Thanks to eBPF, it is possible to trace user probes and syscalls from within the kernel. We developed the unsafe-chroot eBPF based programs to keep track of NSS service databases after each reload, and to trace chroot syscall and detect potentially unsafe behavior.

The nss_database_check_reload_and_get function has no symbols in the glibc, so we used the libc6-dbg packet in Debian to provide the missing offsets to attach the user probe.

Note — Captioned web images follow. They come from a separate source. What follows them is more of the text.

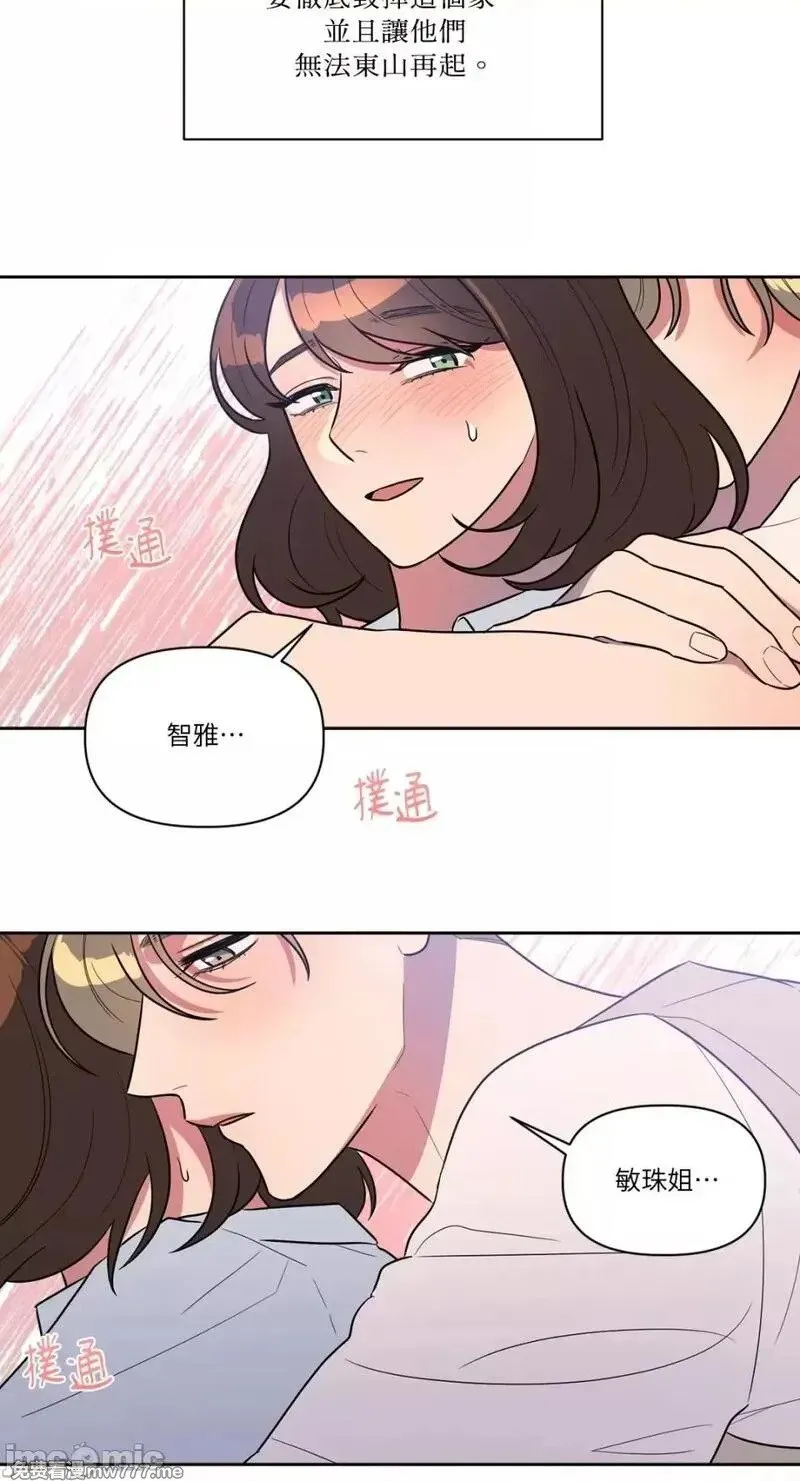 第10话 第10话 第41页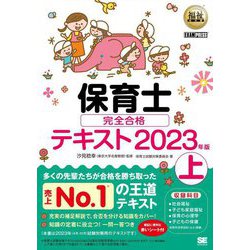 ヨドバシ.com - 保育士完全合格テキスト〈上 2023年版〉(福祉教科書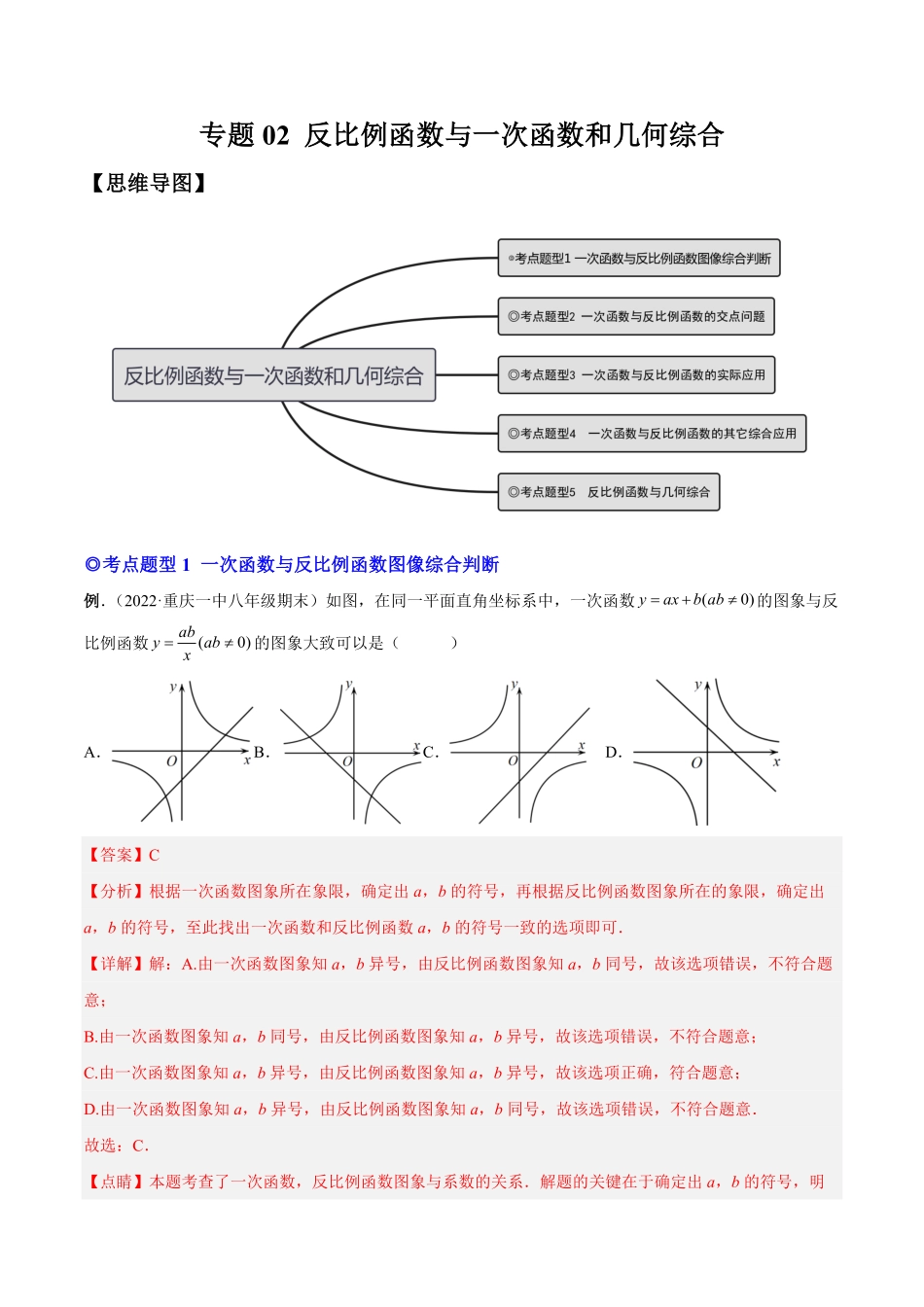 部编数学九年级下册专题02反比例函数与一次函数和几何综合热考题型解析版含答案.pdf_第1页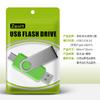 Pen Drive USB 3.0 128G Criativo Rotativo Personalizado 64G32G16G8G Gravação de Logo Empresarial Venda por Atacado Pen Drive USB Personalização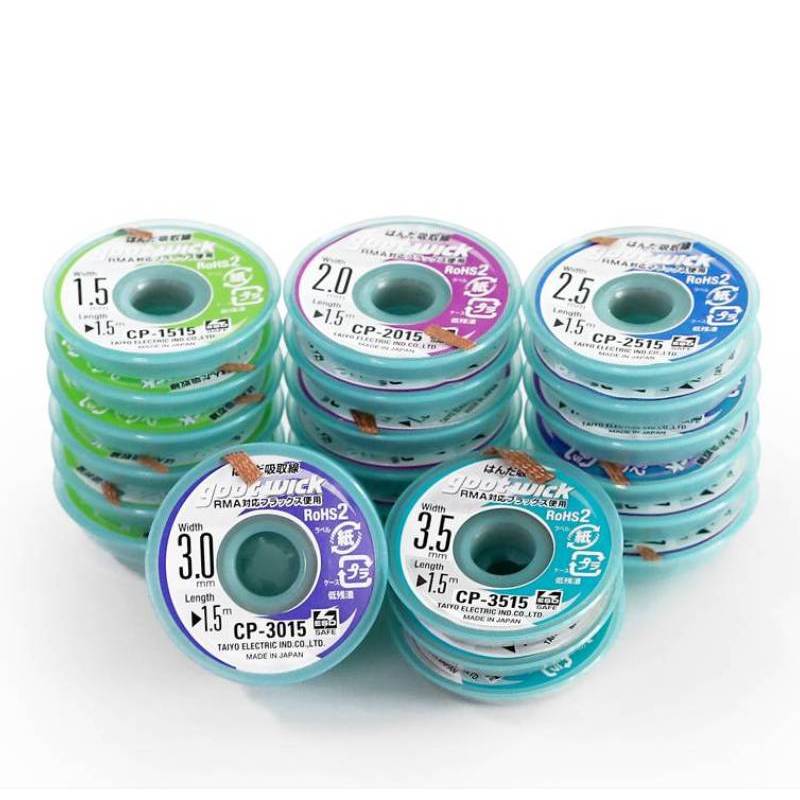 Mèche de soudure à dessouder G - Copper Wire Roll avis et prix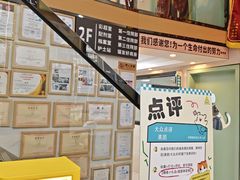 -半岛宠物医院24小时·内窥镜·牙科·碎石中心(府城大道店)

The eBPF program is written in Rust, with the library aya. It contains a map that keeps track of the NSS status for each process:

static mut DATABASES_TRACKER: HashMap<u32, Option<usize>> = HashMap::with_max_entries(MAP_SIZE, 0);

The NSS user probe uses the first function argument to get the local service databases and look for unset ones:

// Check if one of the databases address is null and store the result
let unsafe_database = raw_buf
  .as_chunks::<8>()
  .0
  .iter()
  .map(|&c| u64::from_le_bytes(c))
  .position(|d| d == 0);

unsafe { DATABASES_TRACKER.insert(pid, unsafe_database, 0)? };

Finally, the chroot syscall tracepoint looks for the tracking map whenever it triggers:

unsafe {
  if let Some(&Some(database_id)) = DATABASES_TRACKER.get(ctx.pid()) {
    warn!(
      &ctx,
      "[{}] Unsafe chroot detected: database id {} is null",
      ctx.pid(),
      database_id
    );
  }
}

Running the eBPF detection program on a system results in the detection of CVE-2025-32463 that highlights the uninitialized initgroups database:

$ RUST_LOG=warn ./unsafe-chroot --libc-path /usr/lib/x86_64-linux-gnu/libc.so.6 &
Attaching nss tracker to offset: 1257216
Waiting for Ctrl-C...

$ sudo -R woot woot
[WARN  unsafe_chroot] [1896] Unsafe chroot detected: database id 6 is null
[WARN  unsafe_chroot] [1896] Unsafe chroot detected: database id 6 is null
[WARN  unsafe_chroot] [1896] Unsafe chroot detected: database id 6 is null
[WARN  unsafe_chroot] [1896] Unsafe chroot detected: database id 6 is null

root@debian:/# id
uid=0(root) gid=0(root) groups=0(root),24(cdrom),25(floppy),27(sudo),29(audio),30(dip),44(video),46(plugdev),100(users),101(netdev),1000(user)
root@debian:/# exit

Further works 🔗

So far, the unsafe-chroot eBPF tool helped us understand the unsafe behavior that led to the sudo CVE-2025-32463. Calling chroot and executing commands in the chrooted environment, and calling chroot again to switch back to the old root in the same process is not something common.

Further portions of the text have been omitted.